Vincent d’Arifat : Cette nouvelle structure aura une nouvelle identité. Nous travaillons actuellement sur les autorisations pour le nouveau nom.

La nouvelle entité sera gérée par un National Council. Il faut savoir que la MEF est gérée par un conseil. Mais avec cette nouvelle structure, nous comptons apporter de la différence. En effet, valeur du jour, les membres de la MEF sont nominés par le Conseil. Alors qu’avec la fusion, nous allons amener de la démocratie, la perception de bonne gouvernance. Une partie des membres seront élus et choisis par les membres existants. Au sein de la nouvelle structure, il y aura un panel représentatif de différents secteurs de l’économie. Un CEO va chapeauter la partie macro-économique – c’est la partie que le JEC s’occupe aujourd’hui – et un COO qui s’occupera du fonctionnement de l’organisation, mais aussi de toute la partie de services directs offerts aux entreprises. Car nous aurons des membres qui sont des associations, de grandes entreprises et des PME. Bien que les besoins ne soient pas toujours les mêmes, les priorités de la nouvelle structure ne changeront pas. Notre objectif restera le même : promouvoir un environnement économique favorable au développement et à la création de la valeur ajoutée.

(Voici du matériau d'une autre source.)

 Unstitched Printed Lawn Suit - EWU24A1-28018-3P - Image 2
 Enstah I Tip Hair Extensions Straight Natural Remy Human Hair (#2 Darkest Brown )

Ahmed Parkar : Comme je l’ai dit plus tôt, la structure du JEC ne peut demeurer telle qu’elle est aujourd’hui. Un CEO et un COO seront nommés pour représenter la nouvelle entité avec des responsabilités mieux réparties entre les deux.

Vincent d’Arifat : Il ne faut pas oublier qu’Ahmed Parkar avait abattu un très gros travail à la Chambre de Commerce et d’Industrie où il avait revu toute la constitution pour plus de bonne gouvernance et de démocratie, entre autres. Et c’est ce que nous sommes en train de faire avec la MEF et le JEC.

BUSINESSMAG. Quand la fusion sera-t-elle effective ?

Vincent d’Arifat : La MEF est actuellement dans une phase où elle doit communiquer plus sur cette nouvelle structure. Nous devons expliquer à nos membres les changements mais aussi les bénéfices que cette nouvelle constitution entraînera. À souligner que cette nouvelle structure est aussi importante pour la MEF car nous avons également besoin de rehausser nos services. La MEF date de 50 ans. Aujourd’hui, nous devons nous adapter aux réalités économiques de Maurice. Pour que la MEF et le JEC franchissent cette étape, la MEF orga-nisera en mai, une Special Gene-ral Meeting au cours de laquelle les membres nous donneront leur approbation.

Ahmed Parkar : La fusion est en bonne voie et s’apprête à être finalisée. Elle s’inscrit dans l’avenir de ces deux associations. Il s’agit essentiellement d’un transfert des membres du JEC et de la MEF sous une nouvelle entité. Une fois votée, cette fusion laissera un bel héritage au secteur privé.

Vincent d’Arifat : Avec cette nouvelle structure, nous serons à 1 100 membres. Mais l’objectif est de recruter de nouveaux membres afin d’être concrètement le représentant de tous les secteurs de l’économie mauricienne.

BUSINESSMAG. La nouvelle structure devrait accorder une plus grande importance aux PME. Concrètement quels sont les services qui seront offerts aux entrepreneurs ?

Vincent d’Arifat : Il faut savoir que 60 % des membres de la MEF sont des PME. Il y a déjà une assistance offerte aux PME. Il y a également des associations de PME qui sont membres de la MEF. Il y a deux niveaux de services : un premier à travers les associations et un second directement aux les membres. Les services visent surtout à l’amélioration des conditions et des relations entre l’entrepreneur et son équipe. Nous dispensons des formations sur la motivation, et sur bien d’autres aspects. En effet, les PME ont besoin de ce support au jour le jour. Contrairement aux grosses entreprises, les PME n’ont pas de département des ressources humaines. Elles ont besoin d’un soutien à ce niveau-là.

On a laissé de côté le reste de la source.